Nyasha Junior’s “An Introduction to Womanist Biblical Interpretation” models how many African American women have adapted the creative artistry shown by slaves and former slaves in contemporary settings. Before addressing womanist interpretation as such, Junior shows how it relates to earlier movements like feminist criticism, biblical interpretation among African American women forerunners, and other dimensions of religious studies. Womanist biblical interpretation critiques both (white) feminism and (male) black theology by integrating attention to factors like gender, race, and class in one conversation. Womanist interpretation is therefore “intersectional” in taking account of these diverse factors. Incorporating traditional methods of biblical scholarship, womanist interpretation grounds itself in the cultural experiences of black women. Junior emphasizes differences among womanist interpreters, and she concludes that the movement has yet to develop a shared set of assumptions and practices.

I imagine that womanist interpreters might disagree as to whether their movement lacks cohesion. In any case, I can confess that it influences my own work – and in a very personal way. For years I’ve grappled with Matthew’s story of the Canaanite woman (15:21-28). The woman cries out for Jesus’ attention, but he ignores her and his disciples complain about her. Even when she kneels before Jesus, he rejects her: “it’s not good to take the children’s bread and throw it to the dogs” (my translation). Finally – for the sake of her daughter – the woman accepts Jesus’ insult: even dogs eat crumbs that fall on the floor.

I’ve wondered, as do others. Does it require this woman’s humiliation for Jesus to heal her daughter?
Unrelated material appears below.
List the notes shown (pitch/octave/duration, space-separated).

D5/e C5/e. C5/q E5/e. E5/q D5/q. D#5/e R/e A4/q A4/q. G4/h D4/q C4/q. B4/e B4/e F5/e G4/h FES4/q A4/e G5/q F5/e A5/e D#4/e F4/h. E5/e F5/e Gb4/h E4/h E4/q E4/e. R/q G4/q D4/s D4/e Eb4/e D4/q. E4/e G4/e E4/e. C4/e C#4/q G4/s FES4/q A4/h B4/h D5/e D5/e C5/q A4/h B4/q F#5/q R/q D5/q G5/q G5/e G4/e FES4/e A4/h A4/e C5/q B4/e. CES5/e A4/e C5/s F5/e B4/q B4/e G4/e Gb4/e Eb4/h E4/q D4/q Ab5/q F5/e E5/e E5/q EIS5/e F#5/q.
Is she a hero for sticking with Jesus, or is she a victim reduced from standing to kneeling to calling herself a dog? Womanist theologians have shown me that my questions misunderstand the situations that routinely confront women of color. Where many people think of moments like the Canaanite woman’s as ethical dilemmas, women of color often face them as matters of survival. The hero/victim discussion asks the wrong question: this woman does what countless women have done – whatever it takes.
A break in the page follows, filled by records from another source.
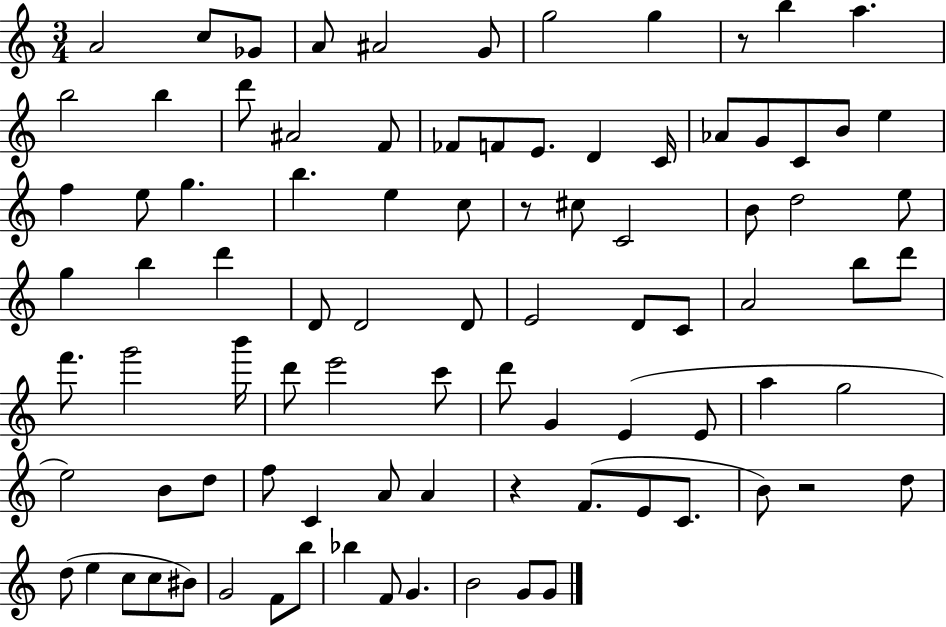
A4/h C5/e Gb4/e A4/e A#4/h G4/e G5/h G5/q R/e B5/q A5/q. B5/h B5/q D6/e A#4/h F4/e FES4/e F4/e E4/e. D4/q C4/s Ab4/e G4/e C4/e B4/e E5/q F5/q E5/e G5/q. B5/q. E5/q C5/e R/e C#5/e C4/h B4/e D5/h E5/e G5/q B5/q D6/q D4/e D4/h D4/e E4/h D4/e C4/e A4/h B5/e D6/e F6/e. G6/h B6/s D6/e E6/h C6/e D6/e G4/q E4/q E4/e A5/q G5/h E5/h B4/e D5/e F5/e C4/q A4/e A4/q R/q F4/e. E4/e C4/e. B4/e R/h D5/e D5/e E5/q C5/e C5/e BIS4/e G4/h F4/e B5/e Bb5/q F4/e G4/q. B4/h G4/e G4/e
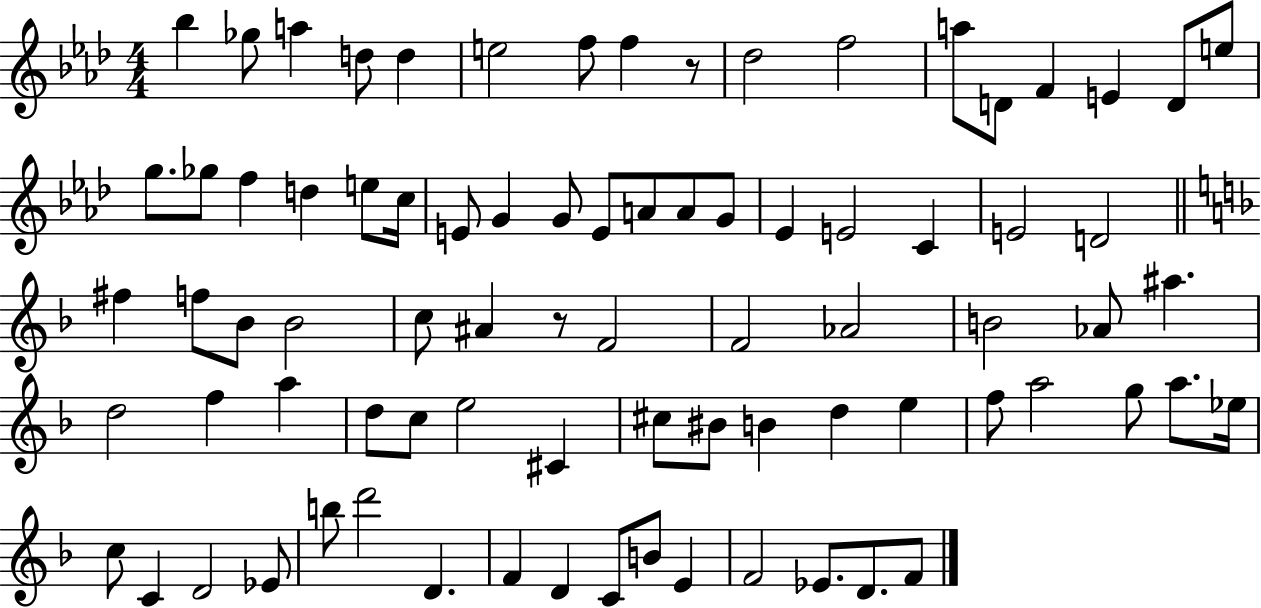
{
  \clef treble
  \numericTimeSignature
  \time 4/4
  \key aes \major
  bes''4 ges''8 a''4 d''8 d''4 | e''2 f''8 f''4 r8 | des''2 f''2 | a''8 d'8 f'4 e'4 d'8 e''8 | \break g''8. ges''8 f''4 d''4 e''8 c''16 | e'8 g'4 g'8 e'8 a'8 a'8 g'8 | ees'4 e'2 c'4 | e'2 d'2 | \break \bar "||" \break \key d \minor fis''4 f''8 bes'8 bes'2 | c''8 ais'4 r8 f'2 | f'2 aes'2 | b'2 aes'8 ais''4. | \break d''2 f''4 a''4 | d''8 c''8 e''2 cis'4 | cis''8 bis'8 b'4 d''4 e''4 | f''8 a''2 g''8 a''8. ees''16 | \break c''8 c'4 d'2 ees'8 | b''8 d'''2 d'4. | f'4 d'4 c'8 b'8 e'4 | f'2 ees'8. d'8. f'8 | \break \bar "|."
}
Personally, this encounter with womanist thinking challenged me to remember my own mother. She and I are white, but as a single mother with few resources she endured all sorts of abuse in order to provide for me. Lecherous landlords and colleagues, the scorn of married women (especially in church), you name it: she endured it all. Maybe I’m dense, but it required an encounter with womanist thought for me to see my own mother in the Canaanite woman.